How RAG Works

rag llm retrieval embeddings

What it is

RAG — Retrieval Augmented Generation — lets a language model answer questions using your documents instead of only what it memorised during training.

The idea is simple: before the model writes an answer, fetch a handful of the most relevant snippets from your knowledge base and paste them into the prompt. The model then composes a reply grounded in those snippets — not in whatever it half-remembers from the open internet.

In one sentence

Give the LLM the right pages from your library before it answers — so it reads first and writes second.

Why we need it

Large language models are powerful but bounded. RAG patches three of their most painful limits.

Knowledge cutoff frozen in time

The model only knows what existed when it was trained. Anything newer — last week's release notes, today's prices — it has never seen.

Hallucination confident but wrong

When the model is unsure, it often invents plausible-sounding facts. Grounding the answer in retrieved text dramatically reduces this.

Private data never trained on

Your wiki, your code, your customer tickets — the model has zero access to any of it unless you bring it in at query time.

The two phases

A RAG system runs in two distinct passes: an offline indexing pipeline you run once (and refresh as data changes), and an online query pipeline that runs every time a user asks something.

Phase 1 — Indexing (offline). Take your documents and turn them into a searchable vector store.

Step 1 Documents

Collect the source material: PDFs, wiki pages, support tickets, code, transcripts.

Step 2 Chunking

Split each document into bite-sized passages — paragraphs or fixed-size windows — small enough to fit in the prompt later.

Step 3 Embeddings

Run every chunk through an embedding model. Each chunk becomes a vector — a list of numbers that captures its meaning.

Step 4 Vector DB

Store the vectors (with the original text) in a vector database that can find nearest neighbours fast.

Phase 2 — Querying (online). When a user asks a question, fetch the most relevant chunks and let the LLM answer.

Step 1 Question

The user's question arrives in natural language.

Step 2 Embed query

Run the question through the same embedding model so it lives in the same vector space as your chunks.

Step 3 Vector search

Find the top-k chunks whose vectors are closest to the question vector — usually by cosine similarity.

Step 4 Build prompt

Stitch the retrieved chunks into a prompt template alongside the question and any system instructions.

Step 5 LLM answers

Send the prompt to the model. It writes the reply using the retrieved context as its source of truth.

Watch the flow

The animation walks the full pipeline end-to-end: documents are chunked and embedded into a vector store, then a question arrives, gets embedded, finds its nearest neighbours, and rides into the LLM as context for the final answer.

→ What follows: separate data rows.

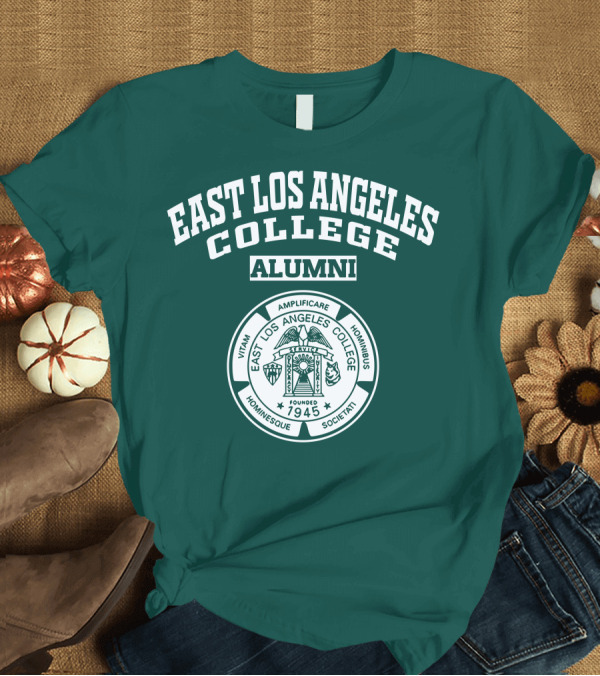 T-Shirt: East Los Angeles College Alumni Seal Vitam Amplificare Hominibus 1945 T-Shirt East Los Angeles College Alumni Seal Vitam Amplificare Hominibus 1945 T-Shirt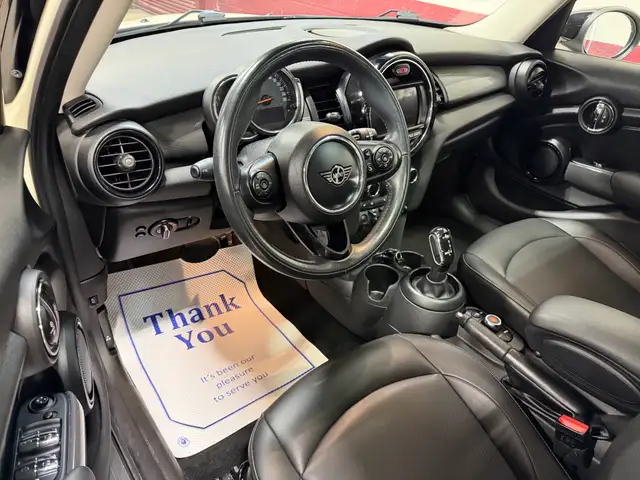 2020 MINI 5 Door COOPER|PANO-ROOF - CAMERA - COMFORT ACCESS - AP - Photo 9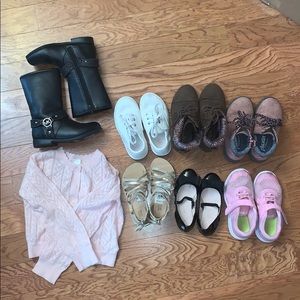 SOLD Huge shoe lot size 9 nike Kors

Embeddings, in one paragraph

An embedding is a fixed-length list of numbers (often 384, 768, or 1536 of them) produced by a neural network for a piece of text. The trick: texts with similar meaning land at nearby points in this high-dimensional space, so geometric closeness becomes a proxy for semantic similarity. That's why a question about "refund window" can pull back a chunk titled "return policy" even though they share no words — their vectors point in nearly the same direction. Closeness is usually measured with cosine similarity: the cosine of the angle between two vectors, ranging from -1 (opposite) through 0 (unrelated) to 1 (identical direction).

Chunking choices

How you cut up the documents has a bigger impact on quality than most people expect. Three knobs do most of the work.

Chunk size 200 – 1000 tokens

Too small and a chunk loses context. Too big and a single chunk crowds out room for others in the prompt — and dilutes the signal in its embedding.

Overlap 10 – 20%

Let consecutive chunks share a few sentences. Stops a key fact from being chopped in half right at a chunk boundary.

Fixed vs. semantic how to split

Fixed-size windows are simple and fast. Semantic splitting (by section, paragraph, or topic shift) keeps related ideas together and usually retrieves better.

When RAG helps — and when it doesn't

Works well when
  • The answer lives in a specific document the model has never seen
  • The corpus is large — too big to fit in any single prompt
  • Source data changes often and you can't keep retraining
  • You need citations back to the original passages
Struggles when
  • The question requires synthesising across many chunks at once
  • Retrieval brings back off-topic or contradictory passages
  • The answer needs multi-step reasoning beyond what the snippets contain
  • The corpus is tiny — just stuff it all in the prompt directly
Common pitfalls
  • Stale index — documents change but nobody re-embeds them. Answers quietly drift out of date.
  • Lost in the middle — LLMs pay most attention to the start and end of the prompt. Crucial chunks buried in the middle can be ignored.
  • Recall vs. precision — a low k may miss the relevant chunk; a high k floods the prompt with noise. Tune for your data.
  • No fallback — if retrieval returns nothing relevant, the model will still answer something. Detect low similarity scores and say "I don't know" instead.